[MUSIC] So we mentioned that we're going to
look at locality sensitive hashing or LSH as an alternative to KD-trees. Well, now let's dig into the details of
what locality sensitive hashing does. And just like KD-trees, we're going to
think of partitioning our data into bins, but the way in which locality sensitive
hashing does this is just fundamentally different than the types of
axis-aligned cuts made by KD-trees. And in this section we're going to
return to an example that we used in the classification course, which is
imagine we have reviews of restaurants. We have text from those reviews. And we're just going to count
how many times we see the word awesome versus the word awful. And when we're thinking about retrieving
similar types of reviews we're just going to look at these counts. Okay well just like in
classification we can think of dividing these set of points
just using a simple line. So this is like the decision boundary
we saw in the classification course. And here I'm just writing
the equation of this line and we're defining this term
which we call the score. So it says for any input in terms of
counts of the number of awesome and the number of awful,
I'm going to score that review. And everything that falls below
this line has a negative score and everything that's above this
line has a positive score. But we're going to be using these scores
in a different way than we did in the classification course.
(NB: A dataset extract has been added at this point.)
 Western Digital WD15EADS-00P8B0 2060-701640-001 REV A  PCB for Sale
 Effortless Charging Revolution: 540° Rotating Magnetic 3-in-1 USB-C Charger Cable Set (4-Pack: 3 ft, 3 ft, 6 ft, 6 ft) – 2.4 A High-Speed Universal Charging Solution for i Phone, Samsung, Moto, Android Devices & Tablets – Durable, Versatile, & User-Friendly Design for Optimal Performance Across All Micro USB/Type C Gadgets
Here, if we're going to say that if
the sign of the score is negative, then all of these points fall into
what we're calling the 0 bin. But if the sign is positive, then all of those points
are going to be assigned to bin 1. So we're going to translate the sign
of the scores into a binary index. And then we can use this for nearest
neighbor search in the following way. So if we get this green query point here
then, we're only going to search for nearest neighbors in its bin, so
all these other orange points. So, here we're only searching for nearest neighbors with the points
whose score is less than zero. And in terms of this bin in
this is that corresponds to all the points that where
labeled as having bin index 0. Alternatively, if the query were to
have fallen into this other region, this blue region, we would have looked
over all the points that had bin index 1, because all of their scores
were greater than 0. In practice, the way that were going to do
this search over all data points that have the same bin index as the query point,
is using something called a hashtable. And what a hashtable does is for
each of our bin values, bin 0 or bin 1, we're going to call that the key and then we're going to associate with that
key a set of values, a list of points, that are the indices of the data points,
that have that bin value. Said another way, we're taking all of
the datapoints that have been value 0 and we're going to list those data indices
in the first element of this table and we're taking all the datapoints
that have been value 1 and we're going to list those indices in
the second element of this table. Then when we get a given query point and
we look at the bin value of that query based on looking at the score, the sign of
the score and determining the bin index, then we're just going to search along
the list of points that are in that bin. So, this provides a really really simple
way of doing nearest neighbor search. Very simple idea of throwing down a line
and then just simply searching the other points that either fall above or
below this line. But a question is does this
return an exact nearest neighbor? And the answer is no. So for example,
here we have this green query point, and let's say that this orange point
which is just above the line and very close to that green point is
actually the true nearest neighbor. Well, if we look at this green point and
we're only searching all the blue points which have this
same bin value as this green point, then we're not going to
find that orange point. [MUSIC]